黒尽くめの人物が目の前から影に溶け込むように華麗に消え去ってから、しばらく呆然となってしまった私。


幼い頃に見た映画やアニメに出てくる忍者のようで、思考停止に陥りながらもどこか高揚感を感じています。まるで憧れの人物に出会えた時みたいに。



しばらくして、少し冷静になったところで、ふと疑問。


あの人・・・男性だったのか?女性だったのか?

体躯的にはどちらとも取れるくらいだったし、声も中性的でイマイチ判別出来んかった。


少なくとも、少年少女では無い事だけは確かだったけど。




多少の高揚感はそのままに、何となく今日は剣ではなくナイフや短剣を使いたい気分になった。

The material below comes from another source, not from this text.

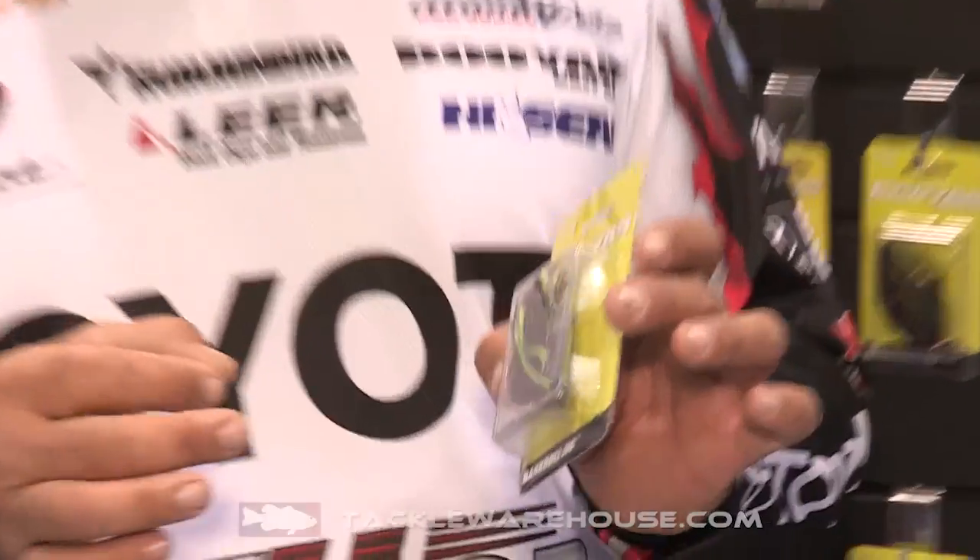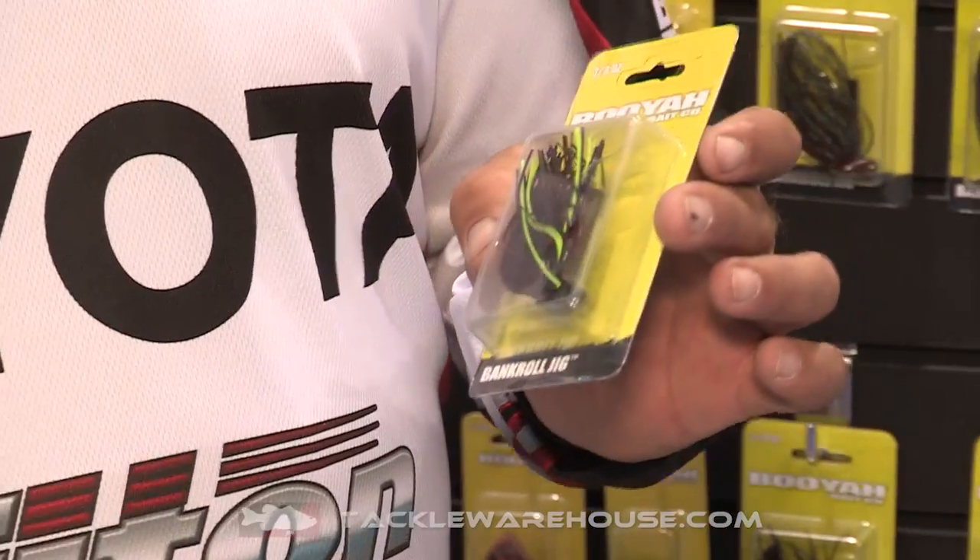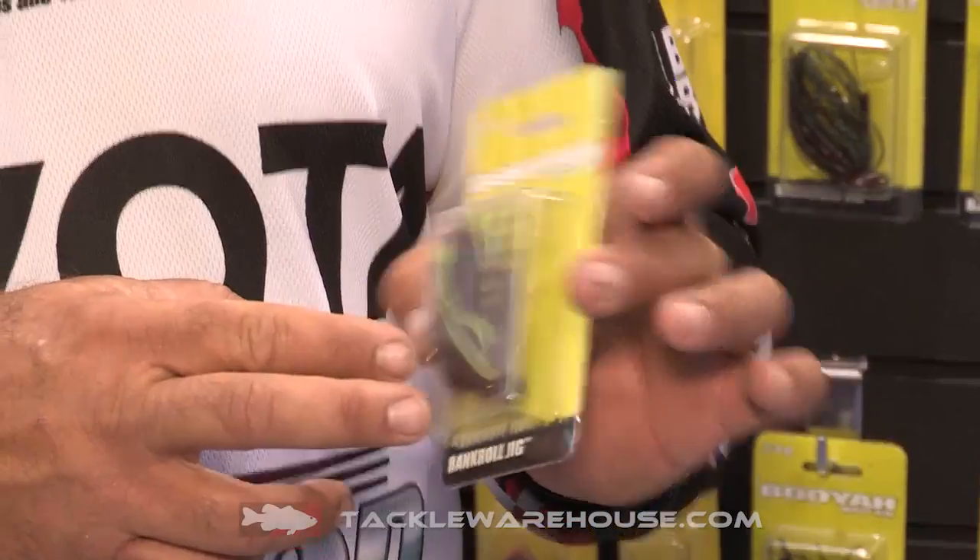We've got some new jigs this year, the Bankroll, and this is pretty much a stand-up jig. It comes in three-eighths and a half-ounce sizes with a four-aught hook. Stands up real nice, comes through the cover really, really easy. Comes in 12 proven colors that you can find at Tackle Warehouse.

完全に忍者っぽい雰囲気に釣られているのは自覚あるよ。



人形に向かってアニメや漫画のイメージでナイフを叩きつけていく。

ほんの5分くらいで、イメージ通りに行かない事に落ち込んだ。そりゃそうだよね。


少し深呼吸して気持ちを入れ替えて、ちょっと前に動画で検索したナイフ術的なのを思い返す私。


その時に見たのはスピード感が圧倒的で、少し喧嘩術も交えた所謂CQCとかって言われている近接戦闘技術だったかな。ちょっとうろ覚え・・・。

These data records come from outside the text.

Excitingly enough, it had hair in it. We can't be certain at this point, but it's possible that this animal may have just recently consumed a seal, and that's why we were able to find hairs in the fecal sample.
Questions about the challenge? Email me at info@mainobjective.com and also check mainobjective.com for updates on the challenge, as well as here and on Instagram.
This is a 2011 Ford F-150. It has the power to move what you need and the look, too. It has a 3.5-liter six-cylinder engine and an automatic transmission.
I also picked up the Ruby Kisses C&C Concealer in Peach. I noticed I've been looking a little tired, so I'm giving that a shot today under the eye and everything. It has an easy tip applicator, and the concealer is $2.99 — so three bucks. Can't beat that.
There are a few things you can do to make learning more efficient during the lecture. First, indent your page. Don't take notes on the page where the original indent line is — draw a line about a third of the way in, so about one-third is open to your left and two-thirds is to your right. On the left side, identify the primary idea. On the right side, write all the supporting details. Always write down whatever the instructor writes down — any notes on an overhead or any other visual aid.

目的がナイフによる防御術だったから、思っていた動画ではなくて真剣には見ていなかった。


うーん、真面目に見ておくべきだったか・・・。



とはいえ、印象的な動作は多少覚えているから、それを参考にするのもアリかな?

そう思い直してナイフを逆手で持ち、かなりゆっくりめに動作の再現に取り組んでみる。


確か・・・、こう、首元を切りつけるような感じで・・・、時にパンチや肘打ちとかも交えて・・・。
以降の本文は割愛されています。